In India, under Article 310 even civil servants hold office at the pleasure of the President or the Governor as the case may be. That pleasure is absolute.

There are some notable exceptions in Article 310, which has adopted the English Common Law rule that public servants hold office during the pleasure of the President or the Governor. Article 311 imposes two qualifications on the exercise of such pleasure. Though the two qualifications are set out in a separate Article, they clearly restrict the operation of the rule embodied in Article 310(1). In other words, the provisions of Article 311 operate as a proviso to Article 310(1). All existing laws have been continued by Article 372, some of which, for example the Code of Civil Procedure, makes it possible for a public servant to enforce his claims against the state.

Accordingly, the Supreme Court held in State of Bihar v. Abdul Majid, (1) AIR 1954 SC 245, that the English Common Law has not been adopted in its entirely and with all its rigorous implications.
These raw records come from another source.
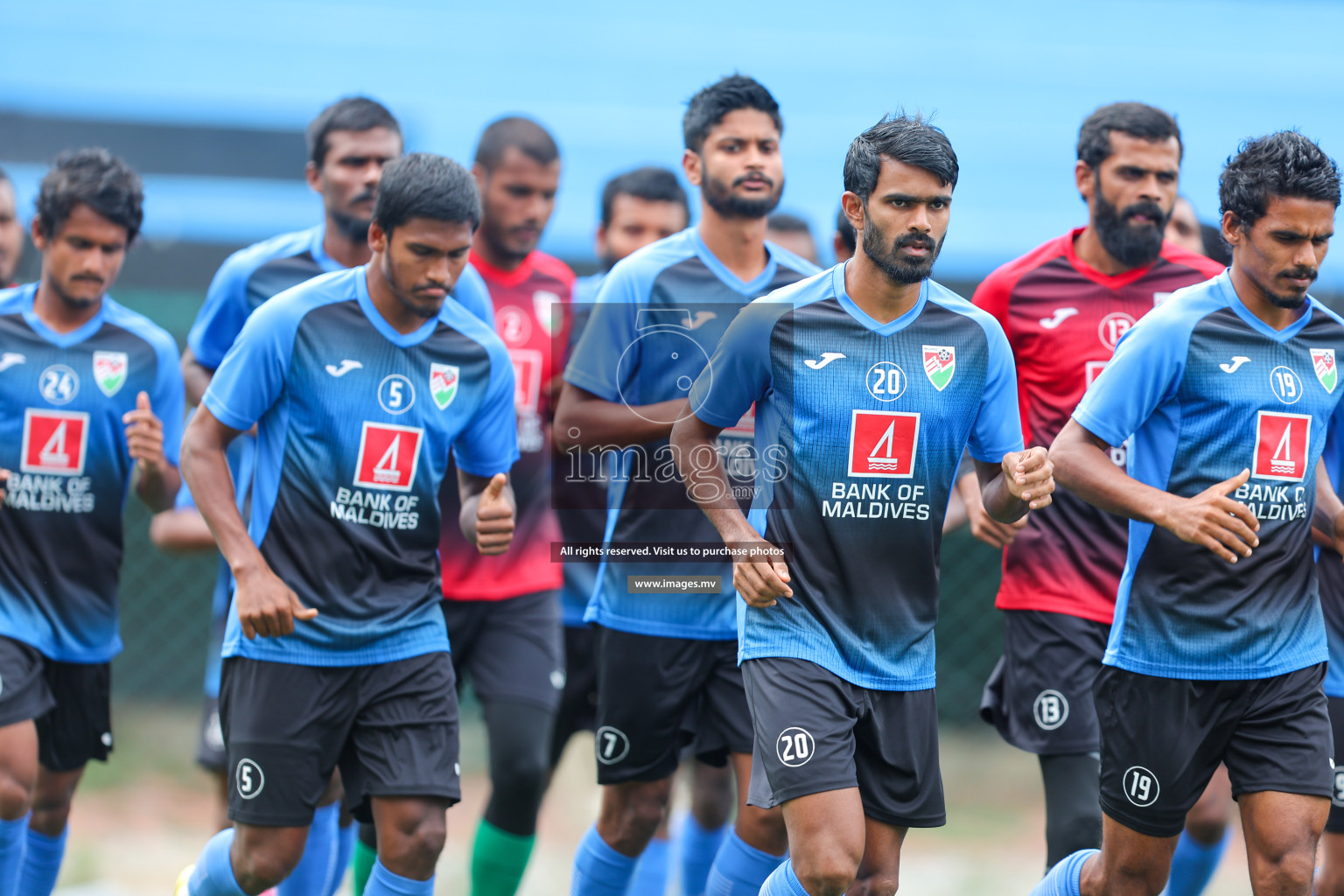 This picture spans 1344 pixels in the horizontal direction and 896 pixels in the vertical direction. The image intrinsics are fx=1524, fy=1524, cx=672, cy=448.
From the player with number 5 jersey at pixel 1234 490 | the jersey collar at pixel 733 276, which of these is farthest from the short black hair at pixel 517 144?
the player with number 5 jersey at pixel 1234 490

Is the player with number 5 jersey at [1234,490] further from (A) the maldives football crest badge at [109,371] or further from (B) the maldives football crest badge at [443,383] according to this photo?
(A) the maldives football crest badge at [109,371]

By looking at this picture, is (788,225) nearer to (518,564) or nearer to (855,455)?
(518,564)

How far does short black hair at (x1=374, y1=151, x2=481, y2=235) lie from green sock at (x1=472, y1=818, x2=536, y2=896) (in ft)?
7.66

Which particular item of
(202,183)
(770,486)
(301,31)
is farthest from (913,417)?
(301,31)

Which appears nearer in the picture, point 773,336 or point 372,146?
point 773,336

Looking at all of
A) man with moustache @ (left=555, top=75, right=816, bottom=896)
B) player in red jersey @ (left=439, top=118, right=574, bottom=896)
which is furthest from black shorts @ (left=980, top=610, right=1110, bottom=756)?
player in red jersey @ (left=439, top=118, right=574, bottom=896)

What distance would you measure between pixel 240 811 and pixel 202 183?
8514 millimetres

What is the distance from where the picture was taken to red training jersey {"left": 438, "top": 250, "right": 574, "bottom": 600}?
235 inches

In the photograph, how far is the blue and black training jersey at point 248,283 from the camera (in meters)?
5.84

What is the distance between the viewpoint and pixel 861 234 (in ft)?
14.5

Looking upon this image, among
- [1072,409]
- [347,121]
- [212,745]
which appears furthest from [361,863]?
[1072,409]

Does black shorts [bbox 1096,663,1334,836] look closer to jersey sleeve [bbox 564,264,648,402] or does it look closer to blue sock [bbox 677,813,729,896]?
jersey sleeve [bbox 564,264,648,402]

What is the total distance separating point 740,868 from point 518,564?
157cm

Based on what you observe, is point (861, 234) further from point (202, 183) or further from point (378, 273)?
point (202, 183) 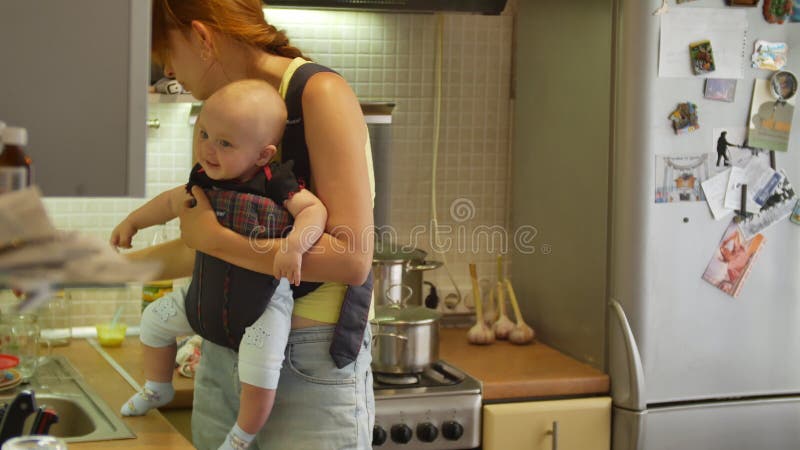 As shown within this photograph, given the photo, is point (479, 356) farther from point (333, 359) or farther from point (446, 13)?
point (333, 359)

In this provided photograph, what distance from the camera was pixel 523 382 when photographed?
8.40 ft

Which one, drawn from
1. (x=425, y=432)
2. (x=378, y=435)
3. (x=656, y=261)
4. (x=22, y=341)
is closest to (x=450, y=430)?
(x=425, y=432)

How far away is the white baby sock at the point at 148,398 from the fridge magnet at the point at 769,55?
5.55 ft

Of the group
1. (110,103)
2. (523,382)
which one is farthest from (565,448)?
(110,103)

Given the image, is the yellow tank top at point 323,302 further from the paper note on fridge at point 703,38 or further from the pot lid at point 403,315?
the paper note on fridge at point 703,38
In Union of India v. Tulsiram Patel, (2) AIR 1965 SC 1416 (1437, 1438), the Supreme Court held that the “pleasure doctrine” was neither a relic of the feudal age nor was it based on any special prerogative of the British Crown but was based upon public policy. Ministers frame policies and the Legislature enacts laws and lays down the mode in which such policies are to be carried out and the object the legislation seeks to achieve. From the nature things, the task of efficiently and effectively implementing these policies and enactments, however, rests with the civil services. The members of the public are therefore vitally interested in the efficiency and integrity of such services.
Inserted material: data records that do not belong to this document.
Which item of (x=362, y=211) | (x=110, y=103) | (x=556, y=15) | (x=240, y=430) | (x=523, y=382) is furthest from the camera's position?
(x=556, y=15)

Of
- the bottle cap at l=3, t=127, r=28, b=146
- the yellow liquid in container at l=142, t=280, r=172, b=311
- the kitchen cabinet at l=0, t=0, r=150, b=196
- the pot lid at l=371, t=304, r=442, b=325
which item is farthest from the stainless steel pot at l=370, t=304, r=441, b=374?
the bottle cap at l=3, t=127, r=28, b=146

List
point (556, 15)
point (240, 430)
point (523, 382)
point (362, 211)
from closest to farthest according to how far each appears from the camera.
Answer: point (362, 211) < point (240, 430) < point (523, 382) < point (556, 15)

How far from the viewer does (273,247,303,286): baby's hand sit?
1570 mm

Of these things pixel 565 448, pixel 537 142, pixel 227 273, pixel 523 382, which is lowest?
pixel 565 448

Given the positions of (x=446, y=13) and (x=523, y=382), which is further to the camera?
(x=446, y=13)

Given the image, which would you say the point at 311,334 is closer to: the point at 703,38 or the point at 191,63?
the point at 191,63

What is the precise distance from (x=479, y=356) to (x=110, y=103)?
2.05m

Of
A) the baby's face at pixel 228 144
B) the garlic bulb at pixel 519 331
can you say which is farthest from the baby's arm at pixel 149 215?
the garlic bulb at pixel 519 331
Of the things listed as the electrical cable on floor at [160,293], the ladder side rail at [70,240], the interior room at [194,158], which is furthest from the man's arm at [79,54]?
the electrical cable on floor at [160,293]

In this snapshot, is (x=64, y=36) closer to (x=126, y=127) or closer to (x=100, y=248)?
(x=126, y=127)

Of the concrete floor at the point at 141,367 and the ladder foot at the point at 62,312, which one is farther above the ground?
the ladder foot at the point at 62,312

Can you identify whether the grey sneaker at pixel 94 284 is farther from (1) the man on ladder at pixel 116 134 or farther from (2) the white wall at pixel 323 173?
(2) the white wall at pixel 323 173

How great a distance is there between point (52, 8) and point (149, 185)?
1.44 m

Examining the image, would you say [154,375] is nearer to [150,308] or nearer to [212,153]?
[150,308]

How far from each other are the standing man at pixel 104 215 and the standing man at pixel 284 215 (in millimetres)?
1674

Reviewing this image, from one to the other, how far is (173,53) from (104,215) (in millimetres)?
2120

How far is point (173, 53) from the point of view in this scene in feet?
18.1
In the case of the Governor, the position is entirely different. In 1989, when those who had been appointed Governors by the Congress government were dismissed by the National Front government headed by V.P. Singh, it was said the Congress government had improperly made political appointments and that it was necessary to remove corruption from public life. It was also said that the change of Governors had to be done in order to give the government an opportunity to tone up the administration.

It needs to be stated that the norms laid down by the Sarkaria Commission were not followed. The office of the Governor, who is a representative of the President in a State as the protector of the Constitution, should normally go to persons with high status in society.
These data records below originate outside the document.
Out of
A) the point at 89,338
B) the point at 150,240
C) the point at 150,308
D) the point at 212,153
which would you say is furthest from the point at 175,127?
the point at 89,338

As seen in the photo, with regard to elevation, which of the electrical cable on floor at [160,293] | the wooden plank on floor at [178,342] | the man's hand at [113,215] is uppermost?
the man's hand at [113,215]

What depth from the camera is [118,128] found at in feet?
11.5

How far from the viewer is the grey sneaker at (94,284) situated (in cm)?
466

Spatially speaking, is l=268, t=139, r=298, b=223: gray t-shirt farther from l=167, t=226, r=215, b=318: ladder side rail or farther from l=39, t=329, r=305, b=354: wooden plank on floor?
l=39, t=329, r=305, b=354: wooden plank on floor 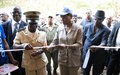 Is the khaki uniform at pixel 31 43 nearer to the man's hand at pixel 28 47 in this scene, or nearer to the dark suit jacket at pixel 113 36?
the man's hand at pixel 28 47

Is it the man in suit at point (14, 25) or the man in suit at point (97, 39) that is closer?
the man in suit at point (97, 39)

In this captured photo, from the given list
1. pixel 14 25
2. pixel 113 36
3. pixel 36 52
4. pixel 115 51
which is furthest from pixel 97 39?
pixel 14 25

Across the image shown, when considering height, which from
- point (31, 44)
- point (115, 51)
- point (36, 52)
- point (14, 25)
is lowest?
point (115, 51)

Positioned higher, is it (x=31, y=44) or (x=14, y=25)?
(x=14, y=25)

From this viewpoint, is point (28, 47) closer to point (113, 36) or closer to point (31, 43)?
point (31, 43)

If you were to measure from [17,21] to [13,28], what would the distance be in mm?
200

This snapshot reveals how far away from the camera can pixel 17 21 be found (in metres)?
4.57

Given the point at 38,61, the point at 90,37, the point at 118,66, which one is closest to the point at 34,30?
the point at 38,61

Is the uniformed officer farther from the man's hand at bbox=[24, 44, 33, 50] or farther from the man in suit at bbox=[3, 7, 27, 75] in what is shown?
the man in suit at bbox=[3, 7, 27, 75]

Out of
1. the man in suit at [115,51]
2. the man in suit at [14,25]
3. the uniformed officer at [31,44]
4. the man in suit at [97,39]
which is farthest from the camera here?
the man in suit at [115,51]

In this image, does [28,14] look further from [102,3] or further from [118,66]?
[102,3]

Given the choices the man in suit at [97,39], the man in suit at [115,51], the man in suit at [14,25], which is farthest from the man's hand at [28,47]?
the man in suit at [115,51]

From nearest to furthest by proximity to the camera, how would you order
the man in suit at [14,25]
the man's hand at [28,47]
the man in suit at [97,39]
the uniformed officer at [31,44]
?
the man's hand at [28,47]
the uniformed officer at [31,44]
the man in suit at [97,39]
the man in suit at [14,25]

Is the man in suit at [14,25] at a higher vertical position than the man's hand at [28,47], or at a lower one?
higher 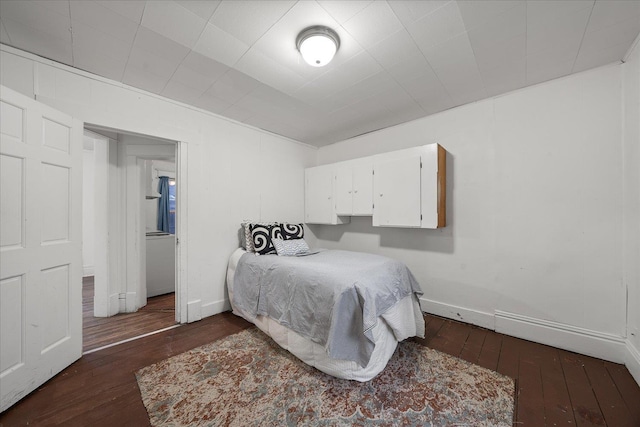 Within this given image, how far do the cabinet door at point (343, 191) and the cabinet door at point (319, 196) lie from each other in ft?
0.48

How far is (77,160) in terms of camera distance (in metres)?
2.06

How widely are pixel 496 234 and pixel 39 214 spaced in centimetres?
405

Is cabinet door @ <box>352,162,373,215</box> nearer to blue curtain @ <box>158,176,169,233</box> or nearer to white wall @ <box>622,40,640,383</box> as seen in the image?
white wall @ <box>622,40,640,383</box>

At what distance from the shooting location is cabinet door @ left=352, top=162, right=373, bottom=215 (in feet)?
10.6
In this background came the Supreme Court judgment that laid down that Governors could not be changed on the ground that there is a change of government. Nobody could question it. However, there is one practical aspect: if the Governors were appointed solely for the reason that they were erstwhile party men and should the new government should bear with such situation because there is always a clash of policy and the line of thinking. Even if the difference of opinion is subtle, should the Centre tolerate it? The answer will be in the negative.

There is another way of looking at this. Cannot Governors on their own come forward to tender resignation, rather than the Central government withdrawing its pleasure? Or if the government were to say in the words of William Makepeace Thackeray: “Business is first; pleasure afterwards,” why should the Governors stay on? Will not the public feel that ethics are eroded when a Governor seems anxious to cling on?

The resultant position is: “An unalterable and unquestioned law of the musical world required that the German text of French operas sung by Swedish artists should be translated into Italian for the clearer understanding of English-speaking audiences.”

Edith Wharton, The Age of Innocence, Book l, Chapter 1 (1920)

It is hoped that lawmakers will alter this unpleasant situation.

(A former Judge of the Supreme Court of India, S. Mohan was acting Governor of Karnataka for seven months.)